Lines that contain the string "belt" are the ones to list; copy all of them from the records.

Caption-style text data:
+ + + +

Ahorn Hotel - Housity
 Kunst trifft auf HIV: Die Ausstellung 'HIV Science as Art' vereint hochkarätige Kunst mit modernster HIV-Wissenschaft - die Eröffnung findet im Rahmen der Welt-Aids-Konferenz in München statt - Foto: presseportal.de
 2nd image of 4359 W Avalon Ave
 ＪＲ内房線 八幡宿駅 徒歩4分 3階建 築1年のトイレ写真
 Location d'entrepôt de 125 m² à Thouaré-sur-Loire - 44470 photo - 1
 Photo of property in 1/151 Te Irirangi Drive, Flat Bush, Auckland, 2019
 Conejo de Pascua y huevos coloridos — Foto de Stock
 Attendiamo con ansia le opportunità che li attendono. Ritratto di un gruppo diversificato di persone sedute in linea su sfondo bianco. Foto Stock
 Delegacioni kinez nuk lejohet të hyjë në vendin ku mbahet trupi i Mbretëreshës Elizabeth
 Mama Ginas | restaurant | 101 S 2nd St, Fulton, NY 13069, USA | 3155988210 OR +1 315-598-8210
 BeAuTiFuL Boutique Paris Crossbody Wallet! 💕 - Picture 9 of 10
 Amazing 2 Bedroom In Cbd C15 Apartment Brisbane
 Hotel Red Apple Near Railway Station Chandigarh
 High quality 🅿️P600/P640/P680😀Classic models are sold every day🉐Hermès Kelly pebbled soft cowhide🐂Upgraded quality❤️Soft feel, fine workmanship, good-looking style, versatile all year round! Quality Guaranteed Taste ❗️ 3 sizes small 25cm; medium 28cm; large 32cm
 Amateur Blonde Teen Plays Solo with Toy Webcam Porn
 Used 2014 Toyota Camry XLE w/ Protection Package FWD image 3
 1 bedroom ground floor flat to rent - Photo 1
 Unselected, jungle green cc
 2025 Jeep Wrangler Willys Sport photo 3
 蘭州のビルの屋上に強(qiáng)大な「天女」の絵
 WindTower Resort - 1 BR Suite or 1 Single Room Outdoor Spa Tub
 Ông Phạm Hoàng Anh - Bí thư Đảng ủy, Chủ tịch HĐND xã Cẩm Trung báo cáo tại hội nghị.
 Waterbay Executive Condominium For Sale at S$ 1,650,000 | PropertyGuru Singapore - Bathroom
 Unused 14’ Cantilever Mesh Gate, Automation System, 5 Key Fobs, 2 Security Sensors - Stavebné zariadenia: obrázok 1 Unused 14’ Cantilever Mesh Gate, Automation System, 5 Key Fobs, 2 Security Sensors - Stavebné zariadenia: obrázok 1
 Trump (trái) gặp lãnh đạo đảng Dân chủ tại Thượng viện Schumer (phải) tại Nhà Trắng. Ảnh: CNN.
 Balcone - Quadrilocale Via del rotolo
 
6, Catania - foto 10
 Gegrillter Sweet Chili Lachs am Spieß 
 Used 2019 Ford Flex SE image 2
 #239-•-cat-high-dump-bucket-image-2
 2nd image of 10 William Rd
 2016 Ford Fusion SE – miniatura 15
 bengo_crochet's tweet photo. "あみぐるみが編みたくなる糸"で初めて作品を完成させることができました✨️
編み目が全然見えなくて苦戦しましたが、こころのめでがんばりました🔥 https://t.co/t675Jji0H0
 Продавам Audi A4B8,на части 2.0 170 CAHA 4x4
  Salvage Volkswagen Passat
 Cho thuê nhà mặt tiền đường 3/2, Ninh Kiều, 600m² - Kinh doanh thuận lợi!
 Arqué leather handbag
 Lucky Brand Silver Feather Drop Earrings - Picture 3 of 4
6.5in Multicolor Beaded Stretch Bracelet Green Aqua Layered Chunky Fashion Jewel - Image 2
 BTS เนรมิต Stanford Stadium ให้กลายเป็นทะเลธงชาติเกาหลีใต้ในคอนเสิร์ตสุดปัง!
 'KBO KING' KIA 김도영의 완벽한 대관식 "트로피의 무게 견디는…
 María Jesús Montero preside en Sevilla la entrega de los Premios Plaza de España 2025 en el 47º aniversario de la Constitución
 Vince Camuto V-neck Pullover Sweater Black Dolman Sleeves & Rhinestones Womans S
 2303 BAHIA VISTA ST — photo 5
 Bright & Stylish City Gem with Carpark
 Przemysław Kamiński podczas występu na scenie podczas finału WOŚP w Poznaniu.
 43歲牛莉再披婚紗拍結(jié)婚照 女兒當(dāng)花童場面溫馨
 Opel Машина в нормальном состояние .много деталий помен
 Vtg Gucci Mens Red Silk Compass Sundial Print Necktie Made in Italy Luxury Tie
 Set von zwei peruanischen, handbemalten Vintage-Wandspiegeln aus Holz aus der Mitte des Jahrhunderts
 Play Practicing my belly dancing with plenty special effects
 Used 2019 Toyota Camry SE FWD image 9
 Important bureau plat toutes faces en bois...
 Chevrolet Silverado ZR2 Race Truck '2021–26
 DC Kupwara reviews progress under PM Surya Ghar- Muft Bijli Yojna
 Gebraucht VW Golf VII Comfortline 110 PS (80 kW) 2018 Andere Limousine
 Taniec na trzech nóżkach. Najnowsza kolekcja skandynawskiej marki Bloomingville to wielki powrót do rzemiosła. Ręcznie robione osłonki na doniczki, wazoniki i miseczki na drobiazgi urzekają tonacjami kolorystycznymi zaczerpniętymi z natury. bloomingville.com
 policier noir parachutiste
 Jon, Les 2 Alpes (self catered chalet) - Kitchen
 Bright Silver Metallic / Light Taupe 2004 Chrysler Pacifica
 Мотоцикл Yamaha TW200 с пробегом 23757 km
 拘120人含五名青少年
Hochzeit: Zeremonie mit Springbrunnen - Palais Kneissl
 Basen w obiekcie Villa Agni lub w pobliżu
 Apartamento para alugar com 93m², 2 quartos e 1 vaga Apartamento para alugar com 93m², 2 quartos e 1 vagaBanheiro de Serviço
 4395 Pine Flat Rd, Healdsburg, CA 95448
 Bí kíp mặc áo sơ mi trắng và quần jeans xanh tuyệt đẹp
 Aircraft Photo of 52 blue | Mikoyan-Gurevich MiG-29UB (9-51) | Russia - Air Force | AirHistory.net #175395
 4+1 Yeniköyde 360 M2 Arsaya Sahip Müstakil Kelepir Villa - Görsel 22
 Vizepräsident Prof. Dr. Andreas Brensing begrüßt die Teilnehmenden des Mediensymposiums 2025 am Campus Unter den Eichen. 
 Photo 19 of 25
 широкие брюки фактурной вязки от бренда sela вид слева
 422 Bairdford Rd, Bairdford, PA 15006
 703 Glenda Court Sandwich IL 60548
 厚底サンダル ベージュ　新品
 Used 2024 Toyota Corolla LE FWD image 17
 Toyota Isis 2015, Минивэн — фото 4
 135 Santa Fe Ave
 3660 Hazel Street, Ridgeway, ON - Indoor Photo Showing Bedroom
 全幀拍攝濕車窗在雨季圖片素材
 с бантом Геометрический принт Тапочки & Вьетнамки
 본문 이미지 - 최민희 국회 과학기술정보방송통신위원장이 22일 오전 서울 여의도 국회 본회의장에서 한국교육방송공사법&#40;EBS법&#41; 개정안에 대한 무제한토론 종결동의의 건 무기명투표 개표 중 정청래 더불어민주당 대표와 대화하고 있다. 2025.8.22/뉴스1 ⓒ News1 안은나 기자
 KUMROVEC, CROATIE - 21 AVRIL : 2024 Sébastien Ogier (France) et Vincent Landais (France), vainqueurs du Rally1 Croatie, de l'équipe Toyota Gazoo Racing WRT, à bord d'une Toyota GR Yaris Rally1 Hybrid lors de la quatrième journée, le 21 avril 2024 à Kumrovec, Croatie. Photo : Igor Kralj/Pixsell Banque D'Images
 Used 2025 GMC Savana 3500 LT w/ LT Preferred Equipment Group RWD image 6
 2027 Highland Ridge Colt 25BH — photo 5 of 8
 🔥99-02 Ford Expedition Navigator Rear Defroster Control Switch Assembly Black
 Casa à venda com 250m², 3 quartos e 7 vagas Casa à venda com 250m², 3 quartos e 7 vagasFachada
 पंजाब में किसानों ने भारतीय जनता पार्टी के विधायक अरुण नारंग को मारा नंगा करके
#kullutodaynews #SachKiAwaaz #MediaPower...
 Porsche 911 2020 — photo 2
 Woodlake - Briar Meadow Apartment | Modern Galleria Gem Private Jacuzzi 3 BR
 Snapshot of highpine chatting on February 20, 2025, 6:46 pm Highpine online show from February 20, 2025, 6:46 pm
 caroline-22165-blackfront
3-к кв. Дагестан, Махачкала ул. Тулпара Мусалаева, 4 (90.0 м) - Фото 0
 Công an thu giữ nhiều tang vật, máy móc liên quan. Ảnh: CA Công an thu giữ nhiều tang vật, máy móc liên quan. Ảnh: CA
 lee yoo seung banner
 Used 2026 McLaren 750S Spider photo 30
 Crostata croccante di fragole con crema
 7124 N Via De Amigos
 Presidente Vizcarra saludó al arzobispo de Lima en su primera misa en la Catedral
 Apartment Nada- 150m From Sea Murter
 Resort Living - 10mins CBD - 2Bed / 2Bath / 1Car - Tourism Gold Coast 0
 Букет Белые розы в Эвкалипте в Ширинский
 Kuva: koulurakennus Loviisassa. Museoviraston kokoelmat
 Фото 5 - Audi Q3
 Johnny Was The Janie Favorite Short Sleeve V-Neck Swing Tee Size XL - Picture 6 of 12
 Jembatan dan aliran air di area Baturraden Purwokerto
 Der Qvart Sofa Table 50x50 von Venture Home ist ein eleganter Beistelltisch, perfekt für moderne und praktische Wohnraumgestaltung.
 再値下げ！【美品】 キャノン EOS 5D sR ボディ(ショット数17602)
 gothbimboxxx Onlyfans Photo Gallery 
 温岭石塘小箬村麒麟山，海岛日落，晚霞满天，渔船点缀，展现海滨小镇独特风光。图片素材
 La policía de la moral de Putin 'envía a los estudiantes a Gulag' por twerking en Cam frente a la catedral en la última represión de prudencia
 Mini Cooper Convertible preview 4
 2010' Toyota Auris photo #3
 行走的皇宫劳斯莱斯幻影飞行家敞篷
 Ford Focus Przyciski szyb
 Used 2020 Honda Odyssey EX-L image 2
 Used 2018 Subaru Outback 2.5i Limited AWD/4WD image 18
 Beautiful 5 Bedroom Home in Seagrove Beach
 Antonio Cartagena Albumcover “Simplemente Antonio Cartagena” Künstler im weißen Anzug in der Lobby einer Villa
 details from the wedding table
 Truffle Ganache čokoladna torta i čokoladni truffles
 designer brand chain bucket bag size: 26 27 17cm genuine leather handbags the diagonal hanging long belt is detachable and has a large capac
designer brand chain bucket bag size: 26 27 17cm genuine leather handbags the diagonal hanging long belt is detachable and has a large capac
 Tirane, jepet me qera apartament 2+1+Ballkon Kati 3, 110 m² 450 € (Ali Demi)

+ + + +

▸ **SOLVED EXERCISE**
 designer brand chain bucket bag size: 26 27 17cm genuine leather handbags the diagonal hanging long belt is detachable and has a large capac
designer brand chain bucket bag size: 26 27 17cm genuine leather handbags the diagonal hanging long belt is detachable and has a large capac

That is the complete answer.